Scottie - That is a very impressive bit of metal shaping. :cool:

It also adds to the "layers" of detail, which in turn add to the overall effect.

Good luck, Paul. :)

8 Valve Ed 31st March 2015 08:22

Very tidy Scottie, looks neat and in keeping.

Stoneleigh here I come?

jones 31st March 2015 09:11

Good work Scottie - I doth my cap! Good skills.

Scottie22 31st March 2015 09:25

Thanks for all the good word fellahs! I do appreciate it.

Mr Towed, ref your inquiry, several people have asked me exactly the same question, and I have given a lot of thought to it, and I believe I would follow your example.

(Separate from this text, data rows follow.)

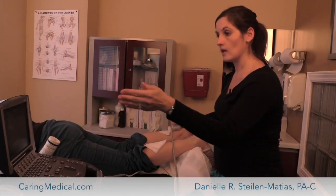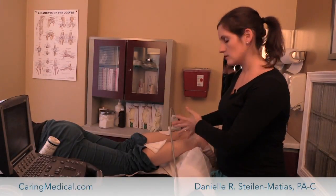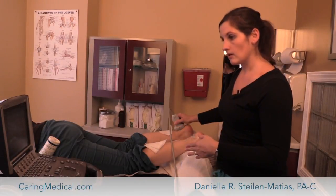So we can look and see: is it normal, is it a little bit thicker than the other side, is there something that's showing up on one side and not the other — and give us a really good picture of what's going on.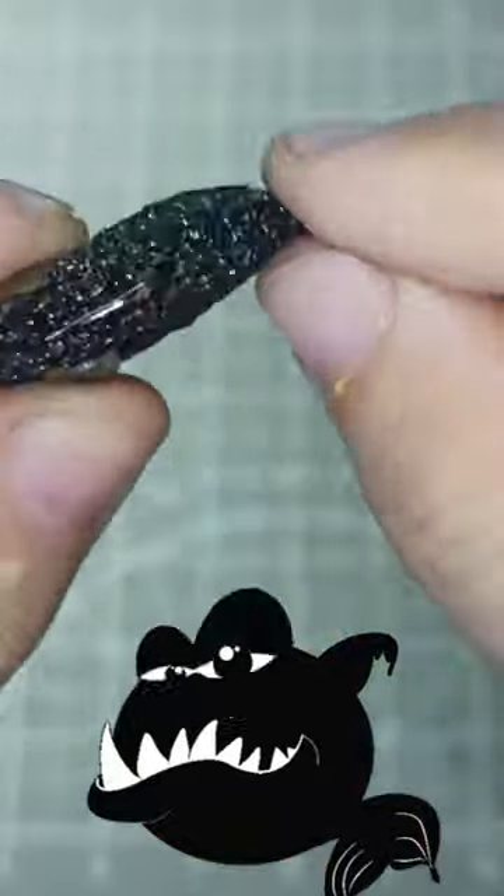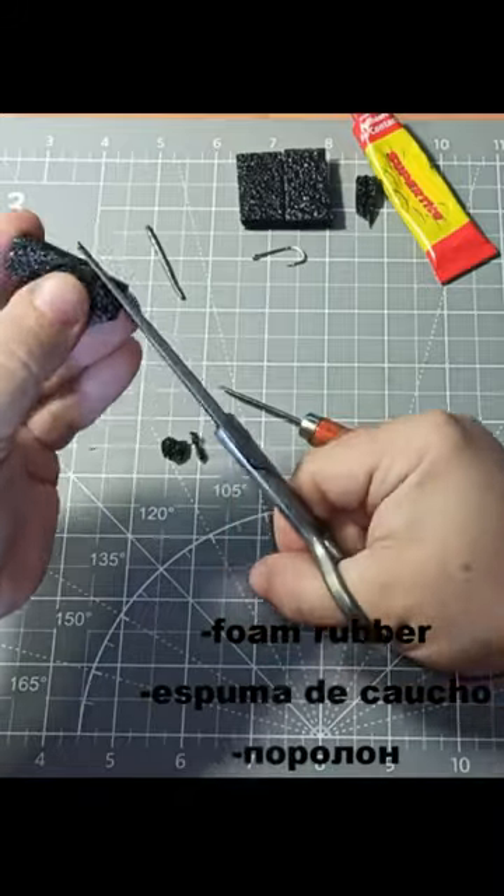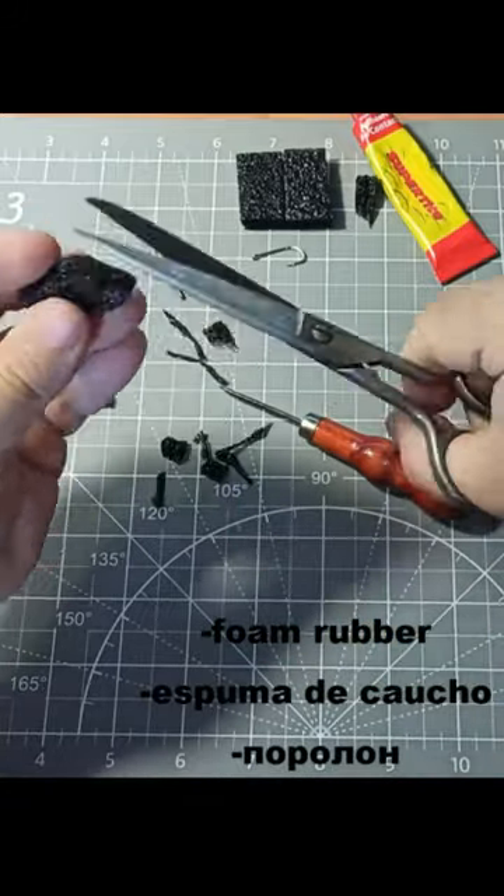A fishing lure, or foam rubber wobbler, is a lure most commonly used for predator fishing, but it is also effective for catching any other fish. It is made in the shape of a fish.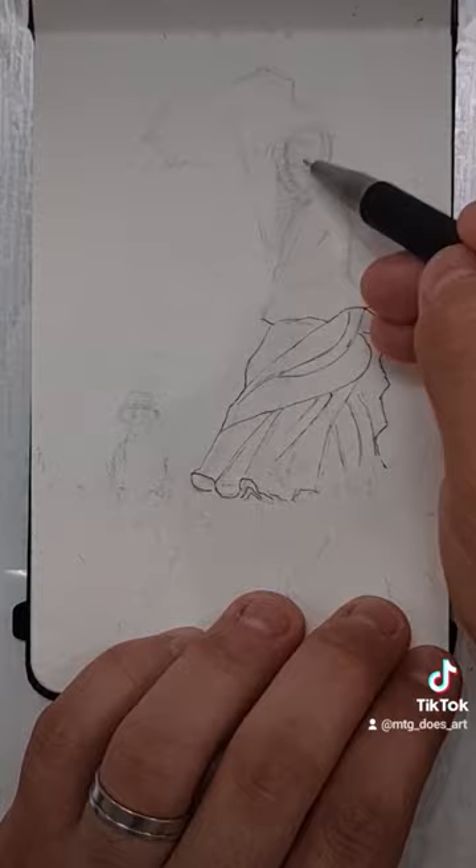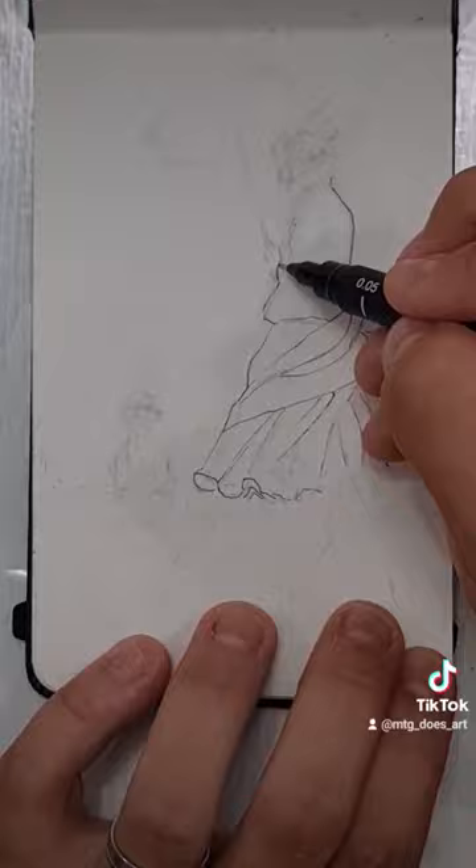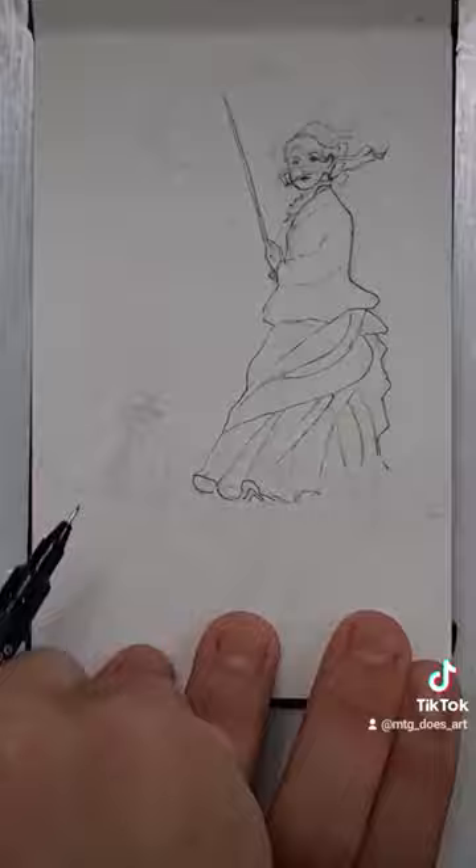As usual, we're creating the coloring page first in Part One, and Part Two we'll start coloring it. I made some mistakes with the poster, but it's okay — it's all fixed now.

You have something very unique, ( we are talking cars here!)
and at my builds end, so will I.

If we were to give in and swap/sell, I think we would forever regret it.

In my earlier post of the finished panel, I forgot to add that regardless of the 30+ rivets in it, it is held on to the body with just two self tappers, top and lower side, so it only takes 15 seconds to remove.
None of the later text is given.